Puerto Rico Tip-Off Champions

NCAA Tournament, Round of 64
- Conference: Southeastern Conference
- Record: 21–12 (9–7 SEC)
- Head coach: Anthony Grant (3rd season);
- Assistant coaches: Dan Hipsher (3rd season); John Brannen (3rd season); Tony Pujol (2nd season);
- Home arena: Coleman Coliseum (Capacity: 15,316)

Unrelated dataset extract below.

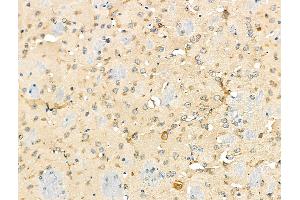 ABIN6259458 and ABIN6275227 at 1/100 staining Mouse brain tissue by IHC-P. (MBTPS1 抗体  (Internal Region))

= 2011–12 Alabama Crimson Tide men's basketball team =

American college basketball season

The 2011–12 Alabama Crimson Tide men's basketball team (variously "Alabama", "UA", "Bama" or "The Tide") represented the University of Alabama in the 2011–12 college basketball season. The team's head coach was Anthony Grant, in his third season at Alabama after posting a 25–12 record the previous year. The team played their home games at Coleman Coliseum in Tuscaloosa, Alabama, as a member of the Southeastern Conference. This was the 99th season of basketball in the school's history. They finished the season 21–12 overall, 9–7 SEC play, and finished in 5th place. They were defeated by Florida in the quarterfinals of the 2012 SEC men's basketball tournament, and they lost to Creighton in the 2012 NCAA Division I men's basketball tournament first round.

==Pre-season==

The 2010–11 season was the second under head coach Anthony Grant. The Tide finished the season 25–12 (12–4 SEC), winning the Southeastern Conference Western Division, and finishing second in the 2011 National Invitation Tournament. The Crimson Tide had four players graduate and two transfer after the season ended. They also brought in five freshman recruits and one junior college transfer, finishing fifth in Rivals.com team recruiting rankings.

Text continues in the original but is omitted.